═══ Data to examine

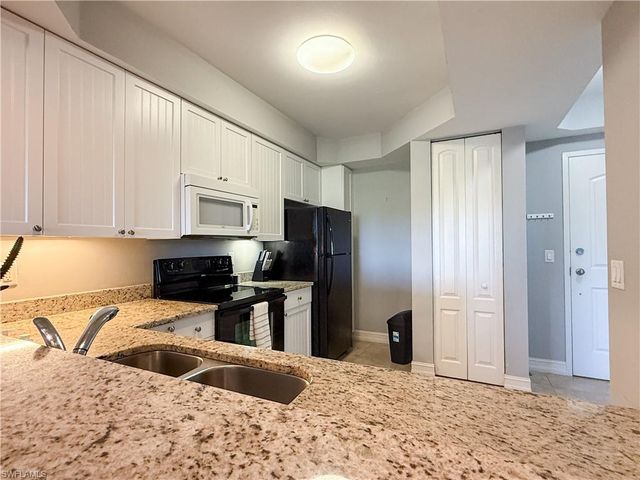 1100 Pine Ridge RD B405, Naples, FL 34108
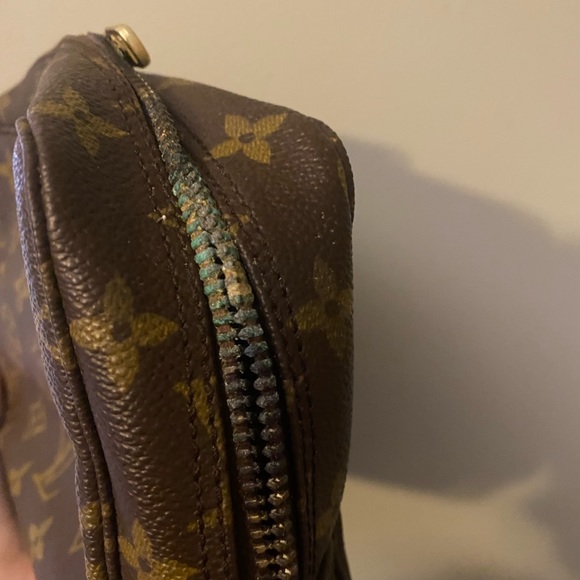 Louis Vuitton Toiletry bag! - Picture 6 of 11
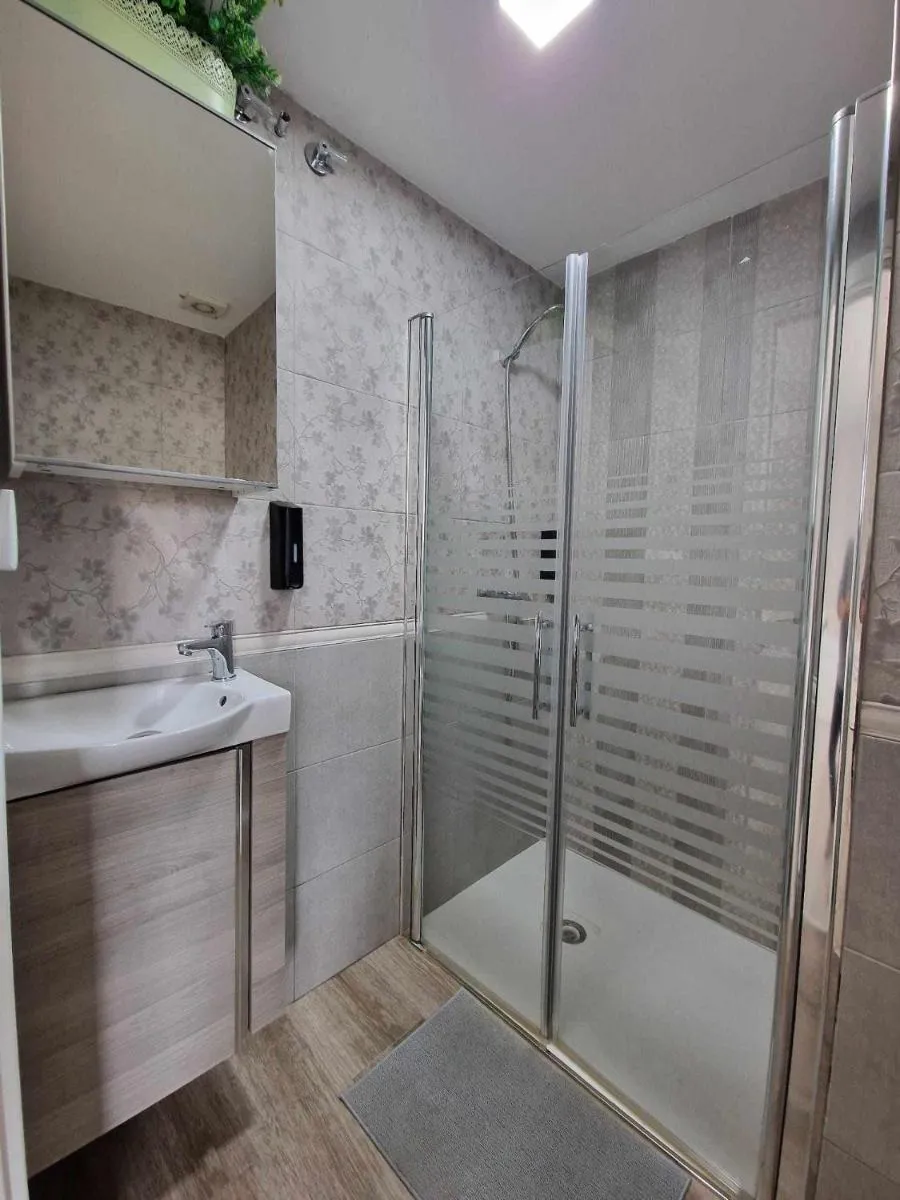 Image 2 of 2 rooms 2 baths y parking Cathedral Malaga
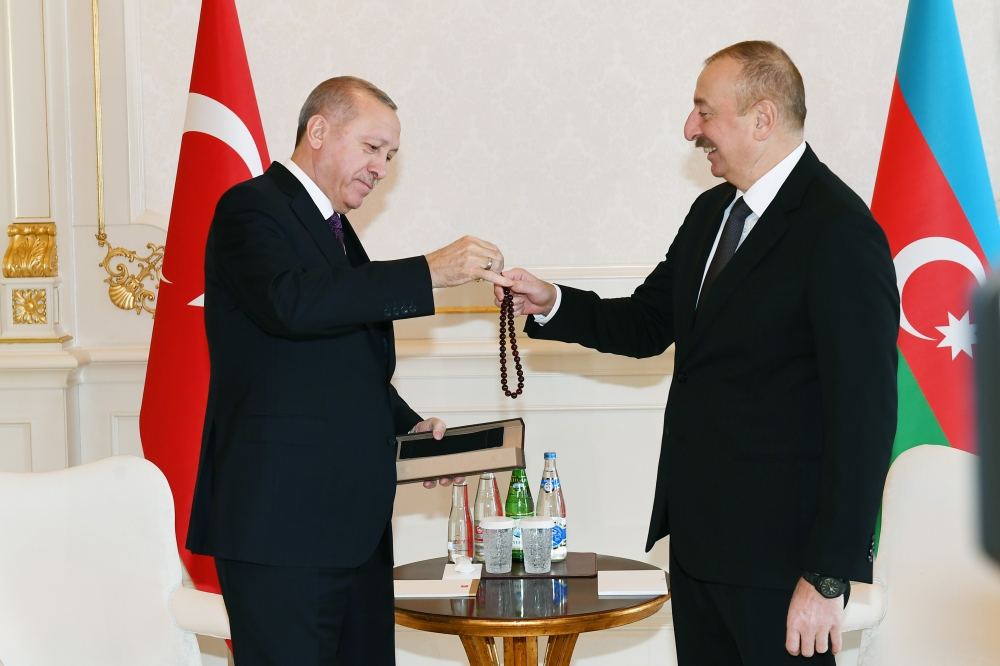 Azərbaycan Prezidenti İlham Əliyevin Türkiyə Prezidenti Rəcəb Tayyib Ərdoğan ilə təkbətək görüşü olub (FOTO) (YENİLƏNİB)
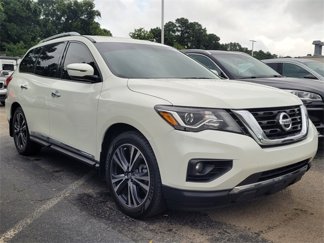 Used 2020 Nissan Pathfinder Platinum image 1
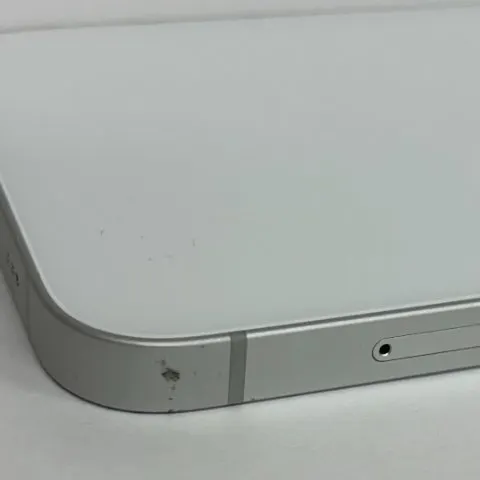 SB ▲ iPhone16e 128GBの画像（4）
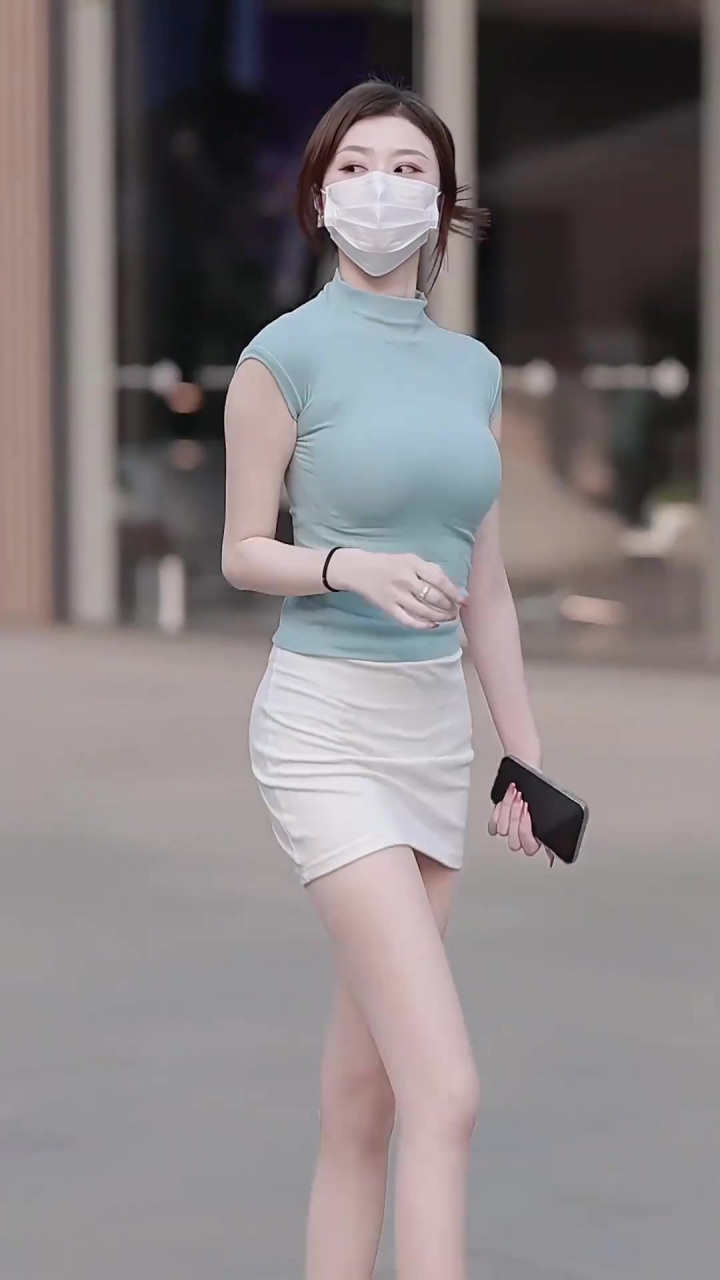 街拍美女:皮肤白到晃眼,成熟少妇的气质,少女无可比拟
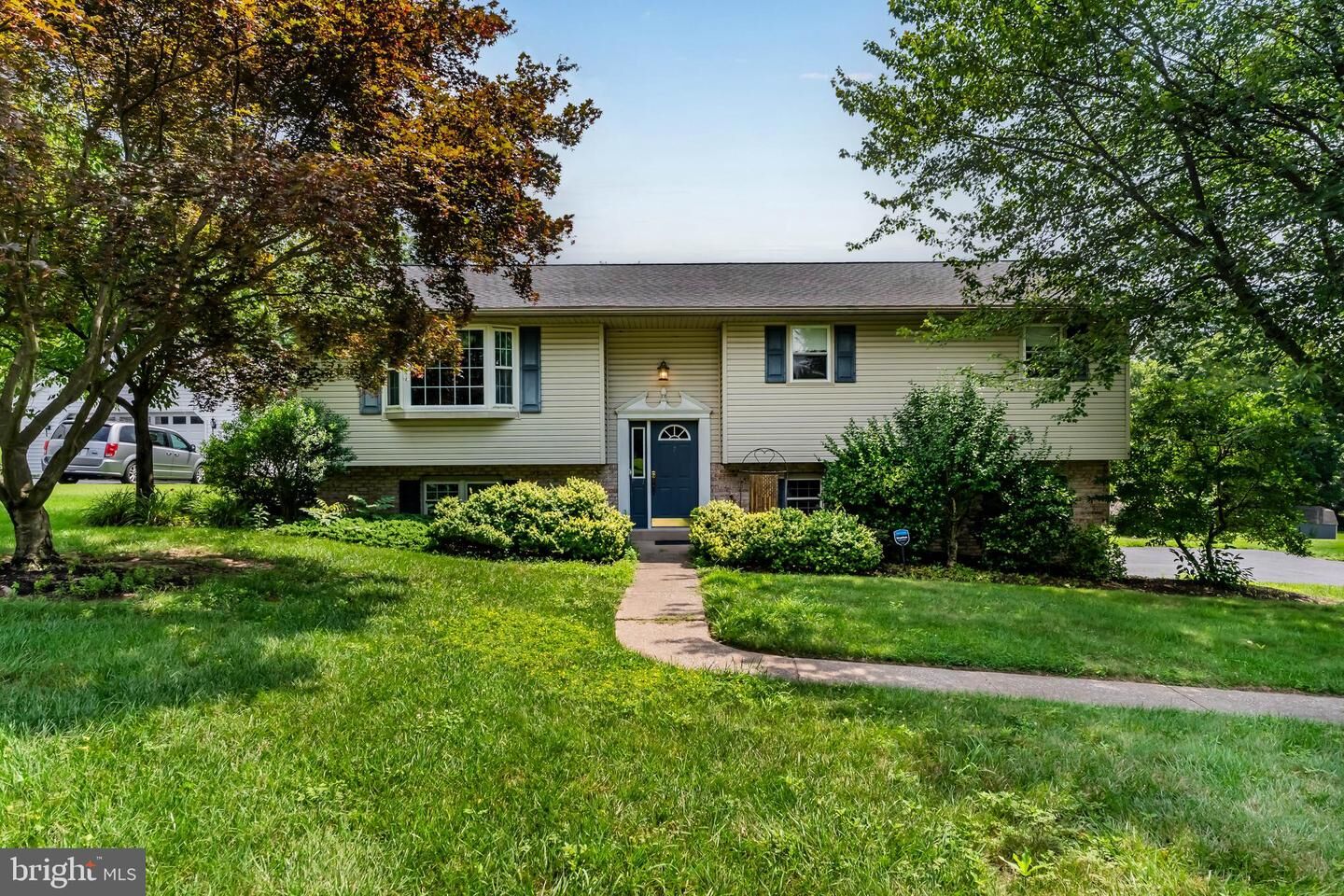 Property Photo:  7 Dorchester Road  PA 17036 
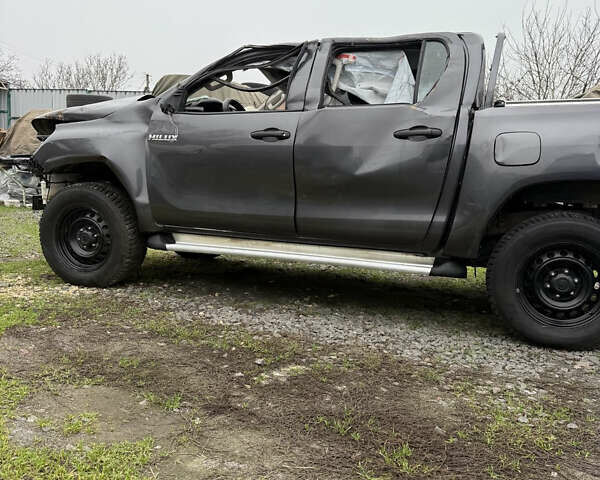 Серый Тойота Хайлюкс, объемом двигателя 2.4 л и пробегом 150 тыс. км за 10500 $, фото 1 на Automoto.ua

══════

What is being asked: Transcribe each entry exactly, pictures excluded.

Exercise answer:
 1100 Pine Ridge RD B405, Naples, FL 34108
 Louis Vuitton Toiletry bag! - Picture 6 of 11
 Image 2 of 2 rooms 2 baths y parking Cathedral Malaga
 Azərbaycan Prezidenti İlham Əliyevin Türkiyə Prezidenti Rəcəb Tayyib Ərdoğan ilə təkbətək görüşü olub (FOTO) (YENİLƏNİB)
 Used 2020 Nissan Pathfinder Platinum image 1
 SB ▲ iPhone16e 128GBの画像（4）
 街拍美女:皮肤白到晃眼,成熟少妇的气质,少女无可比拟
 Property Photo:  7 Dorchester Road  PA 17036 
 Серый Тойота Хайлюкс, объемом двигателя 2.4 л и пробегом 150 тыс. км за 10500 $, фото 1 на Automoto.ua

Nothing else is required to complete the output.